(Bishkek) – A Kyrgyz court on September 17, 2025, convicted two former media workers on charges of “public calls for mass unrest”, Human Rights Watch said today. Joomart Duulatov and Aleksandr Aleksandrov, from the independent investigative outlet Kloop, were each sentenced to five years in prison. Two of Kloop’s accountants who were also convicted on the same charges were sentenced to three years of probation, meaning they will not serve jail time.
Aleksandrov and Duulatov were prosecuted because of their alleged participation in the production of five videos critical of the government and published on the Temirov Live Youtube channel run by an investigative journalist in exile, Bolot Temirov, despite Temirov’s statements that he never cooperated with these journalists and that he produced all these videos independently. Kloop’s lawyers will appeal the district court decision at the city court.

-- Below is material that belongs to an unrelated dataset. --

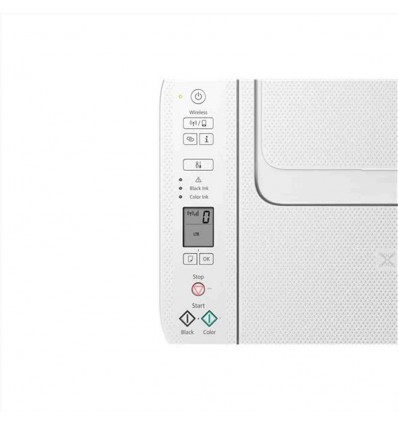 PIXMA TS3751I White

“Aleksandrov and Duulatov’s cases were marred from the outset with the prosecution failing to provide tangible evidence for their conviction,” said Syinat Sultanalieva, Central Asia researcher at Human Rights Watch. “Their verdicts appear baseless and should be vacated. They demonstrate the government’s effort to dismantle media freedom and to stifle any dissenting voices.”
Duulatov and Aleksandrov, who previously worked as camera operators for Kloop but had left the organization by the time of their arrest, were detained on May 28, 2025, along with at least six other current and former Kloop employees in a sweeping security service operation by the State Committee on National Security. Kloop had been shut down by decision of the Supreme Court in August 2024, but had continued operating through a different organization.
Security officials failed to explain the reasons for the detentions and searched the homes of the media workers without presenting search warrants, confiscating computers, cameras, equipment for live broadcasting, and phones. The authorities interrogated the detained Kloop contributors for several hours without allowing access to legal counsel and did not allow them to contact their families or colleagues.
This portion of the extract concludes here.